As the 2023 Major League Baseball season winds to a close, it is the right time to take stock of teams’, players’, and managers’ seasons as a whole. In a rare year in which no managers were fired during the season, a few are more than likely to depart from their current roles.


Tier 1: Burnt

Aaron Boone

Boone’s days with the Yankees are numbered.  You simply can’t underperform this badly over a whole season in the Bronx and expect to come back.  I thought this was a bad hire from the get-go, and after winning only two postseason series in six seasons at the helm, he failed the Yankees’ lofty expectations.  I would not be surprised to see Boone get another shot at managing fairly quickly and it will be interesting to see how he fares out from under the Yankees’ massive thumb.  Despite his almost .600 win percentage in six seasons in the Bronx, Aaron Boone will no longer be managing the Yankees next season.  

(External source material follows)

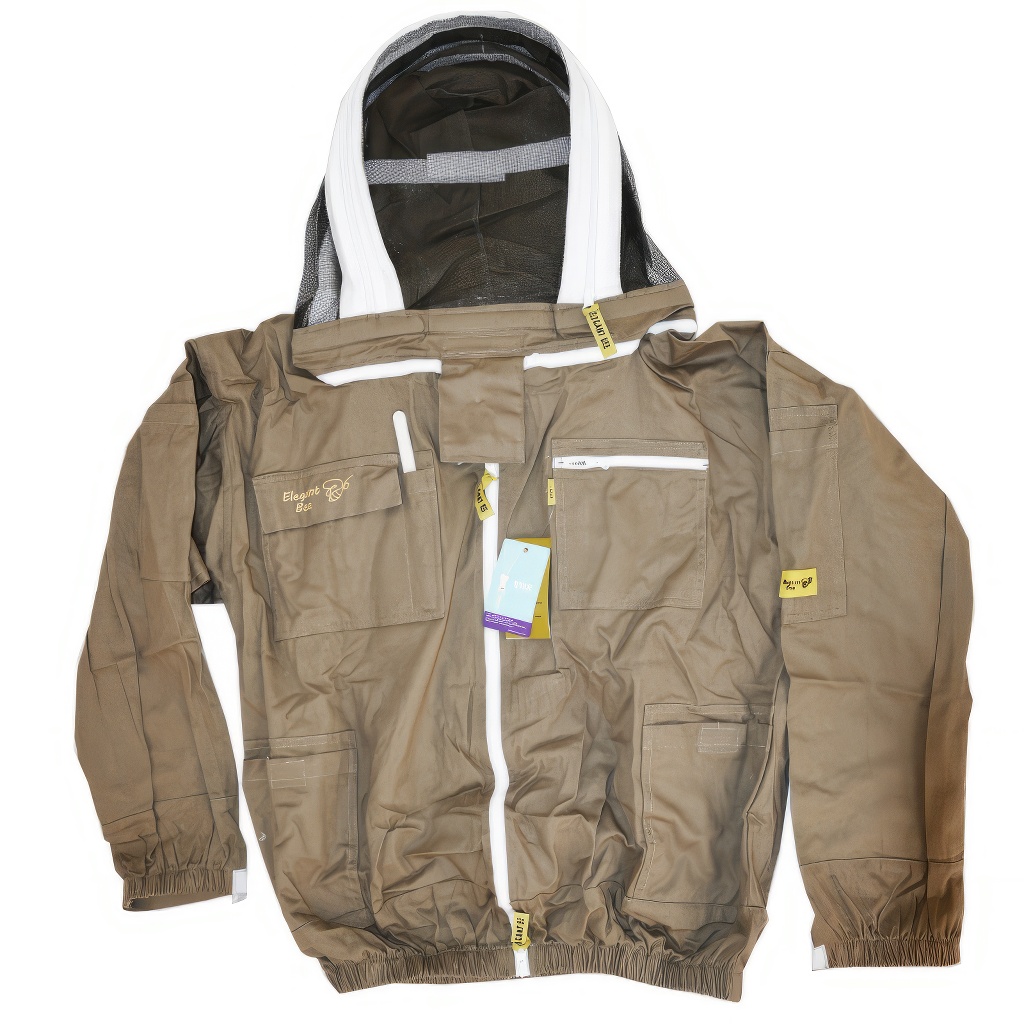Vareuse d'apiculteur Elegant Bee taille: S-XXXXL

The bigger question is if the Yankees shake up the front office as well.  While Brian Cashman is considered an industry titan, he has made some serious errors in judgment (no pun intended) and it looks like the game has shifted too fast for the Yankees to catch up.  An aging lineup consisting of slow, injury-prone corner bats is quickly becoming passé and the Yankees have committed hundreds of millions to that demographic.  

While the managerial position will be mostly determined by the Yankees’ decisions regarding their front office, it will be a fascinating search regardless.  Two names I would look out for are Raul Ibanez and Joe Espada.  The Yankees love hiring guys who have been a part of their organization in the past and both Ibanez and Espada fit the bill.  Espada served as the Yankees’ third base coach for three seasons under Joe Girardi. Meanwhile, Ibanez played for them in 2012 and has maintained a close relationship with many inside the Yankees organization. 

Oliver Marmol

What a season.  As bad as the Mets’ season looks, the Cardinals’ season has been nothing short of a complete and utter disaster.  Marmol happens to be at the forefront of this dysfunction. Known for arguing with players, fighting, and yelling, his spat with Tyler O’Neill early on this season may have caused a chasm so deep within the locker room that the Cardinals simply could not overcome.  


Marmol lacks the leadership, demeanor, and strategy required to excel as a field general and was miscast as manager after a very shady firing of Mike Schildt only two seasons ago.  The Cardinals’ issues run much deeper than just the manager, yet firing Marmol is bound to occur regardless.  

Unfortunately, last offseason, Skip Schumaker departed to become the Marlins’ manager. He would have been the ideal candidate to replace Marmol.  The Cardinals have not hired a manager from outside the organization since Tony La Russa was hired in 1996 and that, too, had a lot to do with Walt Jocketty, the then-general manager, having worked with La Russa in Oakland.   This all leads up to Joe McEwing topping the list of potential managers for the Cardinals.  He’s currently their bench coach, has played for the Cardinals, and has worked with Tony La Russa.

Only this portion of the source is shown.